Embattled South African state power utility Eskom has been instructed by its board to focus on procurement to deliver savings as it seeks to recover from the state capture scandal and a plunge into debt.
Parliament’s Standing Committee on Public Accounts (SCOPA) heard representatives of Eskom’s board say expected savings from procurement had so far failed to materialise.
“The board has therefore encouraged and instructed the executive management of Eskom, including the group chief executive, André de Ruyter, to pay particular attention to the procurement function to effect the required change, and deliver the expected savings,” the board said.
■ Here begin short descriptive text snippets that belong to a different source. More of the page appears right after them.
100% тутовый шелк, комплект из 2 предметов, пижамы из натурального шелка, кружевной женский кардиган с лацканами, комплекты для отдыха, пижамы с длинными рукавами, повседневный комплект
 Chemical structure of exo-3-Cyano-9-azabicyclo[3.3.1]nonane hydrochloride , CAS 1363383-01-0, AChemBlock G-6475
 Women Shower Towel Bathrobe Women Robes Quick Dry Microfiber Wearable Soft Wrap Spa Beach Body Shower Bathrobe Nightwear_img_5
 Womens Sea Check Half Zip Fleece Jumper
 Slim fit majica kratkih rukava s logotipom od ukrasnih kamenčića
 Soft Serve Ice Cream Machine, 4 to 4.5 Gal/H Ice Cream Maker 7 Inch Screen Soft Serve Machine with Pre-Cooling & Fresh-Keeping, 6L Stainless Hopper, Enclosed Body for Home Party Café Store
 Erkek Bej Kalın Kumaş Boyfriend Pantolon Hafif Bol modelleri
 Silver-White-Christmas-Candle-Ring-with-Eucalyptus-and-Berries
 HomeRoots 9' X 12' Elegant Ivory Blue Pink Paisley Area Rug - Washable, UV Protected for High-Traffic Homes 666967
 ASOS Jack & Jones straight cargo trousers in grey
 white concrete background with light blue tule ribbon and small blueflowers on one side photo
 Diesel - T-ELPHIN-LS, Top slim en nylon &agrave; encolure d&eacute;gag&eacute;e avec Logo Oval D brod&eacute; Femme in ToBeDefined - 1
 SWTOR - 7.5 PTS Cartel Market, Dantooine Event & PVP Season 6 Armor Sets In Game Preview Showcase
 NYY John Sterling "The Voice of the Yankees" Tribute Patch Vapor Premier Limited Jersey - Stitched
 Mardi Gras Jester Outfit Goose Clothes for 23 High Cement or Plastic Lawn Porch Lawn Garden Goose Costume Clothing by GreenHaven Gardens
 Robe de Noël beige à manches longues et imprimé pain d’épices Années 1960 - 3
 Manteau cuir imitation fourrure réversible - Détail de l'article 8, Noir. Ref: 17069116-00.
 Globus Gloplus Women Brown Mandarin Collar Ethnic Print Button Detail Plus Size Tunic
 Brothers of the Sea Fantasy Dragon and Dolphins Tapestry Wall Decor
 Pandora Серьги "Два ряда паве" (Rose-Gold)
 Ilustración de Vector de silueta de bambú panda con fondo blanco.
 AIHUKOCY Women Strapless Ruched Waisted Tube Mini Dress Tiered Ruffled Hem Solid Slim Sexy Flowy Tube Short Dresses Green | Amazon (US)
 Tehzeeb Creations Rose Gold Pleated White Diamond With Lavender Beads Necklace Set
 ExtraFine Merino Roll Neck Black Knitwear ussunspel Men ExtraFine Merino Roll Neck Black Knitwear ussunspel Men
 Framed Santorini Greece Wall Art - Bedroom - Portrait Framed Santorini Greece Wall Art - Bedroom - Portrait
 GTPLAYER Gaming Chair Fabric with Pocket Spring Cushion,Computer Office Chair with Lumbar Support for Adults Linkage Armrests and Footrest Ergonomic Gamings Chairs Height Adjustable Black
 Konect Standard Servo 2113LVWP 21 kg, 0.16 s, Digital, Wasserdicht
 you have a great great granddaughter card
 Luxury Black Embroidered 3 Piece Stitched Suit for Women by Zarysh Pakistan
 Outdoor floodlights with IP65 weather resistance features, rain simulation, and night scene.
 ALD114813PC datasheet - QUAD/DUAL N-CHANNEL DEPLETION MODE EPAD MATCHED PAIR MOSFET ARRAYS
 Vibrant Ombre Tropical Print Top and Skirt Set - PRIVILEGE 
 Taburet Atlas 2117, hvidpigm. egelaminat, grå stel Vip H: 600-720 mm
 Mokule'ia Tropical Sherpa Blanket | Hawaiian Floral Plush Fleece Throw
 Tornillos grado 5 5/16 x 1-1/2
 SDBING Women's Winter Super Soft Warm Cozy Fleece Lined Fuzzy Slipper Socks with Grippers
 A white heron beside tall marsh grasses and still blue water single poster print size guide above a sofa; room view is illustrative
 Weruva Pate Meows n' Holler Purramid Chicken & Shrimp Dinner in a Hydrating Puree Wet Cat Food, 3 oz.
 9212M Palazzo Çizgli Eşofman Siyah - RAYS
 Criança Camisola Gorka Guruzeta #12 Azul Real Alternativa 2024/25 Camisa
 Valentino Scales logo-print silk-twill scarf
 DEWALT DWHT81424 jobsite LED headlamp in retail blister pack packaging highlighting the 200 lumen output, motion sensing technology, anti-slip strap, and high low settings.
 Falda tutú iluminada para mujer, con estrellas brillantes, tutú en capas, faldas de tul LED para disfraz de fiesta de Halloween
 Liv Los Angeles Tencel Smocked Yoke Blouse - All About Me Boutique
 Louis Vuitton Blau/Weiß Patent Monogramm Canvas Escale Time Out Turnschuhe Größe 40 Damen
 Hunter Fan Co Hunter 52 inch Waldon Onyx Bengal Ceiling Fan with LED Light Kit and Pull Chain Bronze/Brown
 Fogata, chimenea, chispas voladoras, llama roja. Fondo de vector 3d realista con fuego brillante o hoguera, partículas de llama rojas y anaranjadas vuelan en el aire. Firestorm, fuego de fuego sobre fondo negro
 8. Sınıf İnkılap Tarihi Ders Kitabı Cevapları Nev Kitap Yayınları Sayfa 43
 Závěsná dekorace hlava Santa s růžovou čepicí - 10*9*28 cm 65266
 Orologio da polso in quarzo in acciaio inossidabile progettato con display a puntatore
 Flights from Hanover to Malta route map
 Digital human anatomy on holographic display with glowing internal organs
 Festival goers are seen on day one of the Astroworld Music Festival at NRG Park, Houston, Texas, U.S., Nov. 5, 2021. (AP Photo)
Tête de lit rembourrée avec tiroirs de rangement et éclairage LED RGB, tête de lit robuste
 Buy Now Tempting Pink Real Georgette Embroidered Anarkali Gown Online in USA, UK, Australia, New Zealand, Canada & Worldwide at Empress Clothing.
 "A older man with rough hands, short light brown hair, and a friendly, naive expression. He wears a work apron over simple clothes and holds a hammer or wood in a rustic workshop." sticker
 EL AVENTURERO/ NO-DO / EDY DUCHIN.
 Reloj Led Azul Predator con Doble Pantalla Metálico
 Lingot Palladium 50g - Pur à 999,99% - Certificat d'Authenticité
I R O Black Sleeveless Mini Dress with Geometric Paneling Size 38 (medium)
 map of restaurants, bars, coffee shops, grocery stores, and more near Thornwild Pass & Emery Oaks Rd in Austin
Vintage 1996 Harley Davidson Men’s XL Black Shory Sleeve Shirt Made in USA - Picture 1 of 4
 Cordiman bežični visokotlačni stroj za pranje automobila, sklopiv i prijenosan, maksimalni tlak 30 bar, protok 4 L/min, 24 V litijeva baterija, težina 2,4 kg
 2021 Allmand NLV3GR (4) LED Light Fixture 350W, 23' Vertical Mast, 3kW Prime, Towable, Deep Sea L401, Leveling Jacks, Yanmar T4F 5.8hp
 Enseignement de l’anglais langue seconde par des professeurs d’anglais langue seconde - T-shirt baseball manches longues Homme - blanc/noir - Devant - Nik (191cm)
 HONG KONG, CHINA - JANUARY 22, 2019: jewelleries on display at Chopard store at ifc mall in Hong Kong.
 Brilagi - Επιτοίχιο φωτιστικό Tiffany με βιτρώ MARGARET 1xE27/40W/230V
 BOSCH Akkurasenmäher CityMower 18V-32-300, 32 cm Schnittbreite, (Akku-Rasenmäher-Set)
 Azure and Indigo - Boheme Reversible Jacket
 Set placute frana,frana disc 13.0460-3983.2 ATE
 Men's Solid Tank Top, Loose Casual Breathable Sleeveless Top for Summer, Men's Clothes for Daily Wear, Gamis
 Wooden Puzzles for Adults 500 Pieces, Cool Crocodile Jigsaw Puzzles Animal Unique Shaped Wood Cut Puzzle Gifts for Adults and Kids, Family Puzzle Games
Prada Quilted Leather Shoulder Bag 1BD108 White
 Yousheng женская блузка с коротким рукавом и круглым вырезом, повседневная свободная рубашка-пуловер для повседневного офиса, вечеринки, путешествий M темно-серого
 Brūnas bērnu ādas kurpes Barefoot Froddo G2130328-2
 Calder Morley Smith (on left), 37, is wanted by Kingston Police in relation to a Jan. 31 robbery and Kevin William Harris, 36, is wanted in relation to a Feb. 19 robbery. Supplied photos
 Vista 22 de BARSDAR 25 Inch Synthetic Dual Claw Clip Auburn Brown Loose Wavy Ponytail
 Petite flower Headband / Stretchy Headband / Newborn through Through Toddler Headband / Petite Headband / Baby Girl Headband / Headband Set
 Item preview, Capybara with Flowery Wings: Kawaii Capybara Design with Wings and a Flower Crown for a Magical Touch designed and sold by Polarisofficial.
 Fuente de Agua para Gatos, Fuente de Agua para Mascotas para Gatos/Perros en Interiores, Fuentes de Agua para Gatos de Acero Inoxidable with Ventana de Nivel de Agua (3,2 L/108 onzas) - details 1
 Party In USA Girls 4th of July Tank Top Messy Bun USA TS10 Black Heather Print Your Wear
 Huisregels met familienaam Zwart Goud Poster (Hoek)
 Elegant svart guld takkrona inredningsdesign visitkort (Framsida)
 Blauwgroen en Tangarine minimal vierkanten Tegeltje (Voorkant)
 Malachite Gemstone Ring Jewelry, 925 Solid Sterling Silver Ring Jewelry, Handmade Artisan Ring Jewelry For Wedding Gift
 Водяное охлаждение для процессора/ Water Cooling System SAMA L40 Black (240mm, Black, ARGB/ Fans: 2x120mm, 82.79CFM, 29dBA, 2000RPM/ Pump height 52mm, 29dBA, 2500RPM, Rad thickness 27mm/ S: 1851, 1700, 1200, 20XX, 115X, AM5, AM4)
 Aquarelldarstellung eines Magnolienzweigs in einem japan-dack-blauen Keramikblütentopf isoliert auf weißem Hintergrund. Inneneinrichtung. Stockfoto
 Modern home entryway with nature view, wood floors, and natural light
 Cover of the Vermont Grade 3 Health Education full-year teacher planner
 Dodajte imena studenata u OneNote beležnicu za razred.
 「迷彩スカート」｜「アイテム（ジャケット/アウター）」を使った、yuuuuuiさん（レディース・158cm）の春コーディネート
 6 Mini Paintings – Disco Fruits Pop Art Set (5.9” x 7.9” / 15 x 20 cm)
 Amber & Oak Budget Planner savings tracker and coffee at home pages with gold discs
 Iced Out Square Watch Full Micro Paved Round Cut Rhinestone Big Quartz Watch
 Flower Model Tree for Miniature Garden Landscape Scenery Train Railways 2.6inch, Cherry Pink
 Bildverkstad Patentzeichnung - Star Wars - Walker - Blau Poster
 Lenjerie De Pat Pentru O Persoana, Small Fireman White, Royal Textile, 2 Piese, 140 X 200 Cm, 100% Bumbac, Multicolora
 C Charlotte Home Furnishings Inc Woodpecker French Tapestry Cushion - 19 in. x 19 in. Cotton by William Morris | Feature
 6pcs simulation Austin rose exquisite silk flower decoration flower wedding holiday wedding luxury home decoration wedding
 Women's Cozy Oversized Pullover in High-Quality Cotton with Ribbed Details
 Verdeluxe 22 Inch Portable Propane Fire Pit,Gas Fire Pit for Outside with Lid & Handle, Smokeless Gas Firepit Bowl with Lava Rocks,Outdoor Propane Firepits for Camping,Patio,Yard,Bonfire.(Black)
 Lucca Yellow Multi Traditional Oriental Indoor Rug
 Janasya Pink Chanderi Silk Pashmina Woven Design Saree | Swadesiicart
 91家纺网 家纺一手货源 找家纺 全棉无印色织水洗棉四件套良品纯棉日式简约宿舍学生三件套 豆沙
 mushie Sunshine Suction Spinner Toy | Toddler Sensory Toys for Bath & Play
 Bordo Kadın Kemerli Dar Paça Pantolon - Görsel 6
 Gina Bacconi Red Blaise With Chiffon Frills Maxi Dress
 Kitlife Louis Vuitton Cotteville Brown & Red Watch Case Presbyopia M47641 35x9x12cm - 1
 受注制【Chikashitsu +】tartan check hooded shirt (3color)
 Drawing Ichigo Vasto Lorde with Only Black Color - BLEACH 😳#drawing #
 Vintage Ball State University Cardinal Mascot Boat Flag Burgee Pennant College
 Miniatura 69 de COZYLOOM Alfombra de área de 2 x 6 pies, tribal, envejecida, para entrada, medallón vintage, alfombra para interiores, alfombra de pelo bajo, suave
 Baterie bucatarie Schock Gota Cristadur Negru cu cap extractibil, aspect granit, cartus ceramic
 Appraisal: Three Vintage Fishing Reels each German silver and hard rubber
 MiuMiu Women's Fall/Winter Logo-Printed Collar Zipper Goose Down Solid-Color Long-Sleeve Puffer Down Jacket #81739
“Procurement at Eskom has long been an area of particular concern to the board of Eskom, as it has been, and continues to be, an area associated with state capture.”
SCOPA had been due to consider Eskom’s annual report but decided to defer this and instead consider claims made by suspended Eskom CPO Solly Tshitangano.
Tshitangano has been reported as having accused de Ruyter of procurement failings and racism in a letter.
SCOPA said Eskom’s progress in making procurement savings had been slower than it would have liked, in part due to an absence of procurement leadership.
However Eskom’s board also told the committee it was confident that management was executing its mandate to restructure the business and drive greater efficiency through cost savings, including by scrutinising existing and new procurement contracts.
Eskom Holdings is $32bn in debt because of overspending on projects, according to a report in Bloomberg news.
Much of the overspent cash is alleged to have gone towards lining the pockets of stakeholders named in South Africa’s state capture enquiry.
The utility’s troubles have been described by Goldman Sachs as the biggest threat to the South African economy.
Its shortage of cash has led to South Africa facing intermittent power cuts because of inadequate maintenance at ageing coal-fired power plants.